After that run of special issues, we welcome you back to a general issue of contributed research articles that cover a wide range of Artificial Life topics—including distributed control, emergence, dynamical systems, self-organization, game theory, artificial chemistry, and biocomputing—addressed through theory, models, simulations, and physical experiments.
We start with a letter from Bull and Liu, on “A Generalised Dropout Mechanism for Distributed Systems.” They use a modified NK model to sharpen the criteria for determining when local control is more beneficial than global control. Next, we have an article from Gershenson, on “Emergence in Artificial Life.” He uses the difference in information present at different levels of a system as the basis for a new definition of emergence, one of the fundamental components of ALife.
The article from Howison et al., “On the Stability and Behavioral Diversity of Single and Collective Bernoulli Balls,” describes a platform for investigating how dynamical systems may be used as the basis for designing a variety of agent behaviors. This platform, both in simulation and as a physical system, comprises a collection of “Bernoulli balls” in an airflow, interacting with each other and with the flow. The aim is to develop a dynamical system with a diverse set of possible behaviors.
Ichinose et al. present “How Lévy Flights Triggered by the Presence of Defectors Affect Evolution of Cooperation in Spatial Games.” Lévy flights model a kind of random motion with both small and big displacements.
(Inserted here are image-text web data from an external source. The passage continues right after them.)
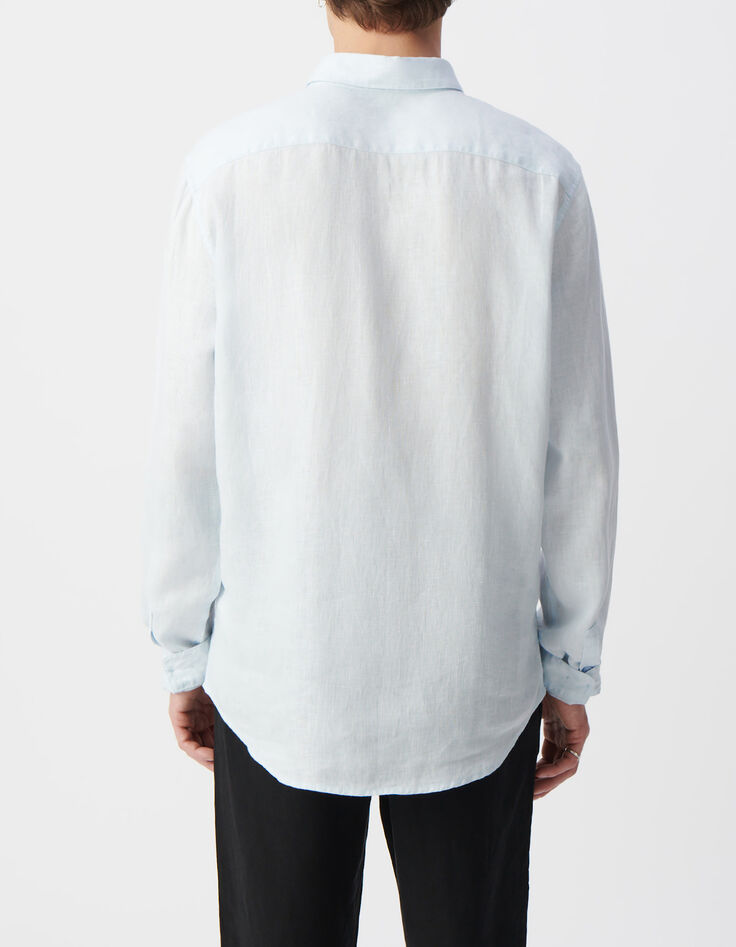 Himmelblaues Herrenhemd im SLIM-Fit, Leinen-3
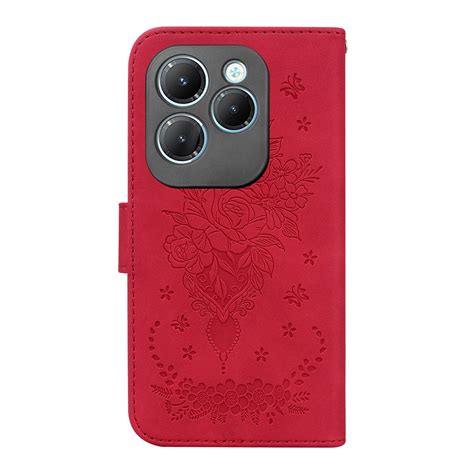 For Infinix Hot 40 40 Pro Butterfly Rose Embossed Leather Phone Case Red Alexnld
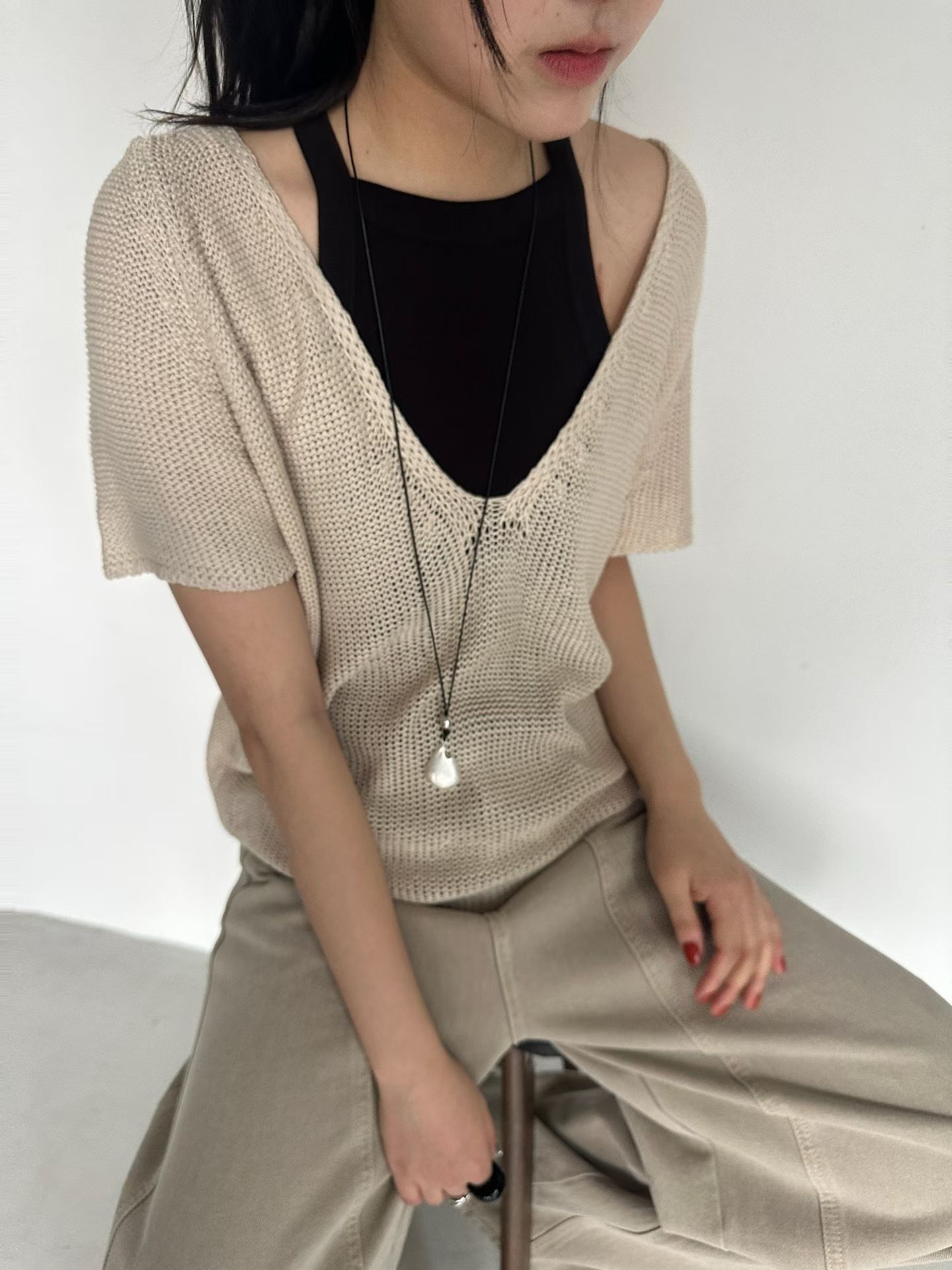 WW2635 粗織U領Top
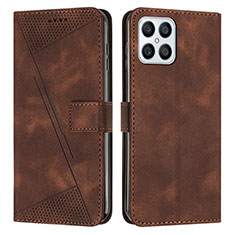 Coque Portefeuille Livre Cuir Etui Clapet Y08X pour Huawei Honor X8 4G Marron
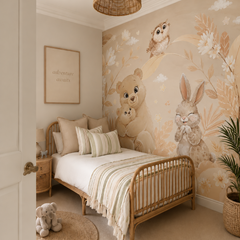 Whimsical bear, bunny and owl mural in a cozy nature-inspired nursery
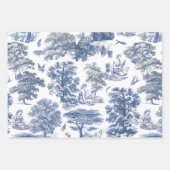 Elegant Rustic Blue Country Toile Geschenkpapier Set (Vorderseite 2)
Here Lévy flights are combined with game theory concepts in an agent-based model. The authors investigate how the presence of defectors changes the optimal behaviors.
Next, Scott and Pitt investigate “Interdependent Self-Organizing Mechanisms for Cooperative Survival.” Complex survival games, where cooperation is needed to survive intermittent catastrophes, need complex strategies. Here the authors look at social self-organization, which, as any complex domain, has aspects that can make the situation better in some cases and, in other cases, worse. They conclude that such systems need to be able to reflect on their own operation through some kind of self-model.
Sienkiewicz and Jędruch tell us about “DigiHive: Artificial Chemistry Environment for Modeling of Self-Organization Phenomena.” This two-dimensional continuous space simulation environment supports experiments with the goal of facilitating open-ended simulations. It steers more toward natural physical and biological systems (e.g., it includes energy conservation), rather than toward the more abstract operation of some other artificial chemistries. The authors describe the rationale and operation of the system and use it to investigate aspects of self-organization and self-replication in cellular-like systems.
Finally, Svahn and Prokopenko examine “An Ansatz for Computational Undecidability in RNA Automata.” An ansatz is an “educated guess” about the form of the solution to a problem that can be used to provide a stepping-stone to finding the solution. Here the approach uses the known computational power of a set of automaton models as the form of solution and shows how RNA behaviors map to these models to demonstrate the computational power of this biological form of computing.